Data to examine section start

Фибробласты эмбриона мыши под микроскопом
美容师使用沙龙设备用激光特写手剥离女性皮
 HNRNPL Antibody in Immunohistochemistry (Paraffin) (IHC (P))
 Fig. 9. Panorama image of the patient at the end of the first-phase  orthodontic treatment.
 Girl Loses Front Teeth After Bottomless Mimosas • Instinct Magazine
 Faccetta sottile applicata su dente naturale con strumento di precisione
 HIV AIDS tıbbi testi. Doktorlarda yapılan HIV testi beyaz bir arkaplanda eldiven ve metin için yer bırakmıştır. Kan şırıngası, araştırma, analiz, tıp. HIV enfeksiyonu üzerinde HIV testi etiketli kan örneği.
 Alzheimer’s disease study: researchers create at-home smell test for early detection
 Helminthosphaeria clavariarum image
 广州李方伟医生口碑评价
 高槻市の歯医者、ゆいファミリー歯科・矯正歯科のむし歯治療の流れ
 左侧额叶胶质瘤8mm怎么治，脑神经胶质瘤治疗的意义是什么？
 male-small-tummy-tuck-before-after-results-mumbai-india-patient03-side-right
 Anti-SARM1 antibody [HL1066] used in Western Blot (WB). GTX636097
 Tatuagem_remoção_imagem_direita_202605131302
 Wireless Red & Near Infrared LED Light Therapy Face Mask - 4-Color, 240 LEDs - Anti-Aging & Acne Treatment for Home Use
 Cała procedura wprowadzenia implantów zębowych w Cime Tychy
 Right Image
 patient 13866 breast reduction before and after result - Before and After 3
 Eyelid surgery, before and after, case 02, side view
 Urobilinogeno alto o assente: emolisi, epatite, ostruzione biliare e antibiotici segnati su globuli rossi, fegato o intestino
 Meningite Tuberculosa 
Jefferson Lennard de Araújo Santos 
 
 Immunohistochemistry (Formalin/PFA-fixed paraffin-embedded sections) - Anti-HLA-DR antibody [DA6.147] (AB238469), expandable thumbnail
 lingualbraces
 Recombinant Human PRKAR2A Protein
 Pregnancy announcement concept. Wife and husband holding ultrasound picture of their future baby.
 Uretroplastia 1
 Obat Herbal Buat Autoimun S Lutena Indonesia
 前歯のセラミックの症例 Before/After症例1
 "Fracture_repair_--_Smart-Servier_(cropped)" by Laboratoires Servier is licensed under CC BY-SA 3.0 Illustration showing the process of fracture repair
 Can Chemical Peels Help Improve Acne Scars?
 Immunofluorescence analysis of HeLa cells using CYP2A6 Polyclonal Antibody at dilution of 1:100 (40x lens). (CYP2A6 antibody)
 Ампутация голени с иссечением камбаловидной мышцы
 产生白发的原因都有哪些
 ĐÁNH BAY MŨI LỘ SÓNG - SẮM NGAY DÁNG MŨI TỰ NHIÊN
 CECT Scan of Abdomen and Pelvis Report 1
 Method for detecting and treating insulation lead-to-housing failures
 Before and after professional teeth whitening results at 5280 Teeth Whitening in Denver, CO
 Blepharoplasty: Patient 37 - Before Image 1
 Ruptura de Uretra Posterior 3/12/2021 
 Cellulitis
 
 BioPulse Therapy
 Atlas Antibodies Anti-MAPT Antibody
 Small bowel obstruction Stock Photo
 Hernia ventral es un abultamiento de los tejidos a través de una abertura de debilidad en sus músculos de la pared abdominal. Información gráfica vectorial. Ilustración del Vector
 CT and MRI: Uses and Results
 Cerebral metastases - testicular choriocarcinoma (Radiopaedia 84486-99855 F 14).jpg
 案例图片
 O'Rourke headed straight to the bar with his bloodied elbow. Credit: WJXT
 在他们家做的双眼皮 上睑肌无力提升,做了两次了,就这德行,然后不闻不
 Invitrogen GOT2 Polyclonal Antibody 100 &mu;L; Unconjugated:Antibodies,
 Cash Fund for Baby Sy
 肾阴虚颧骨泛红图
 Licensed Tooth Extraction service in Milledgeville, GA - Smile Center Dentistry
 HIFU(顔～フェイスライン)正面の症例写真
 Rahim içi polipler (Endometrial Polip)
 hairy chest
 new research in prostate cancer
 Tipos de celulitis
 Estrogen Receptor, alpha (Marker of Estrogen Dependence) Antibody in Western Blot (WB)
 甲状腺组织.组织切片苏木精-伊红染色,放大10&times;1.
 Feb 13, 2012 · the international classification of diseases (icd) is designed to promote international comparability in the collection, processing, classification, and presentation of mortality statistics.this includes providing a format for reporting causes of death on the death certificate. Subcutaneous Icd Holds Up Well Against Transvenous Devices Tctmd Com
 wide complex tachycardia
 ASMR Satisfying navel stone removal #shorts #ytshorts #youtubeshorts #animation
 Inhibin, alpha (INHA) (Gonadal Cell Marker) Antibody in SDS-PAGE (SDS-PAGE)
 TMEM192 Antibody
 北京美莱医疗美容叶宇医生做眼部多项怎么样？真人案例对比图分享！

Data to examine section end

- **Task prompt**
Write out every record again, exactly as it was written.

- **Written solution**
Фибробласты эмбриона мыши под микроскопом
美容师使用沙龙设备用激光特写手剥离女性皮
 HNRNPL Antibody in Immunohistochemistry (Paraffin) (IHC (P))
 Fig. 9. Panorama image of the patient at the end of the first-phase  orthodontic treatment.
 Girl Loses Front Teeth After Bottomless Mimosas • Instinct Magazine
 Faccetta sottile applicata su dente naturale con strumento di precisione
 HIV AIDS tıbbi testi. Doktorlarda yapılan HIV testi beyaz bir arkaplanda eldiven ve metin için yer bırakmıştır. Kan şırıngası, araştırma, analiz, tıp. HIV enfeksiyonu üzerinde HIV testi etiketli kan örneği.
 Alzheimer’s disease study: researchers create at-home smell test for early detection
 Helminthosphaeria clavariarum image
 广州李方伟医生口碑评价
 高槻市の歯医者、ゆいファミリー歯科・矯正歯科のむし歯治療の流れ
 左侧额叶胶质瘤8mm怎么治，脑神经胶质瘤治疗的意义是什么？
 male-small-tummy-tuck-before-after-results-mumbai-india-patient03-side-right
 Anti-SARM1 antibody [HL1066] used in Western Blot (WB). GTX636097
 Tatuagem_remoção_imagem_direita_202605131302
 Wireless Red & Near Infrared LED Light Therapy Face Mask - 4-Color, 240 LEDs - Anti-Aging & Acne Treatment for Home Use
 Cała procedura wprowadzenia implantów zębowych w Cime Tychy
 Right Image
 patient 13866 breast reduction before and after result - Before and After 3
 Eyelid surgery, before and after, case 02, side view
 Urobilinogeno alto o assente: emolisi, epatite, ostruzione biliare e antibiotici segnati su globuli rossi, fegato o intestino
 Meningite Tuberculosa 
Jefferson Lennard de Araújo Santos 
 
 Immunohistochemistry (Formalin/PFA-fixed paraffin-embedded sections) - Anti-HLA-DR antibody [DA6.147] (AB238469), expandable thumbnail
 lingualbraces
 Recombinant Human PRKAR2A Protein
 Pregnancy announcement concept. Wife and husband holding ultrasound picture of their future baby.
 Uretroplastia 1
 Obat Herbal Buat Autoimun S Lutena Indonesia
 前歯のセラミックの症例 Before/After症例1
 "Fracture_repair_--_Smart-Servier_(cropped)" by Laboratoires Servier is licensed under CC BY-SA 3.0 Illustration showing the process of fracture repair
 Can Chemical Peels Help Improve Acne Scars?
 Immunofluorescence analysis of HeLa cells using CYP2A6 Polyclonal Antibody at dilution of 1:100 (40x lens). (CYP2A6 antibody)
 Ампутация голени с иссечением камбаловидной мышцы
 产生白发的原因都有哪些
 ĐÁNH BAY MŨI LỘ SÓNG - SẮM NGAY DÁNG MŨI TỰ NHIÊN
 CECT Scan of Abdomen and Pelvis Report 1
 Method for detecting and treating insulation lead-to-housing failures
 Before and after professional teeth whitening results at 5280 Teeth Whitening in Denver, CO
 Blepharoplasty: Patient 37 - Before Image 1
 Ruptura de Uretra Posterior 3/12/2021 
 Cellulitis
 
 BioPulse Therapy
 Atlas Antibodies Anti-MAPT Antibody
 Small bowel obstruction Stock Photo
 Hernia ventral es un abultamiento de los tejidos a través de una abertura de debilidad en sus músculos de la pared abdominal. Información gráfica vectorial. Ilustración del Vector
 CT and MRI: Uses and Results
 Cerebral metastases - testicular choriocarcinoma (Radiopaedia 84486-99855 F 14).jpg
 案例图片
 O'Rourke headed straight to the bar with his bloodied elbow. Credit: WJXT
 在他们家做的双眼皮 上睑肌无力提升,做了两次了,就这德行,然后不闻不
 Invitrogen GOT2 Polyclonal Antibody 100 &mu;L; Unconjugated:Antibodies,
 Cash Fund for Baby Sy
 肾阴虚颧骨泛红图
 Licensed Tooth Extraction service in Milledgeville, GA - Smile Center Dentistry
 HIFU(顔～フェイスライン)正面の症例写真
 Rahim içi polipler (Endometrial Polip)
 hairy chest
 new research in prostate cancer
 Tipos de celulitis
 Estrogen Receptor, alpha (Marker of Estrogen Dependence) Antibody in Western Blot (WB)
 甲状腺组织.组织切片苏木精-伊红染色,放大10&times;1.
 Feb 13, 2012 · the international classification of diseases (icd) is designed to promote international comparability in the collection, processing, classification, and presentation of mortality statistics.this includes providing a format for reporting causes of death on the death certificate. Subcutaneous Icd Holds Up Well Against Transvenous Devices Tctmd Com
 wide complex tachycardia
 ASMR Satisfying navel stone removal #shorts #ytshorts #youtubeshorts #animation
 Inhibin, alpha (INHA) (Gonadal Cell Marker) Antibody in SDS-PAGE (SDS-PAGE)
 TMEM192 Antibody
 北京美莱医疗美容叶宇医生做眼部多项怎么样？真人案例对比图分享！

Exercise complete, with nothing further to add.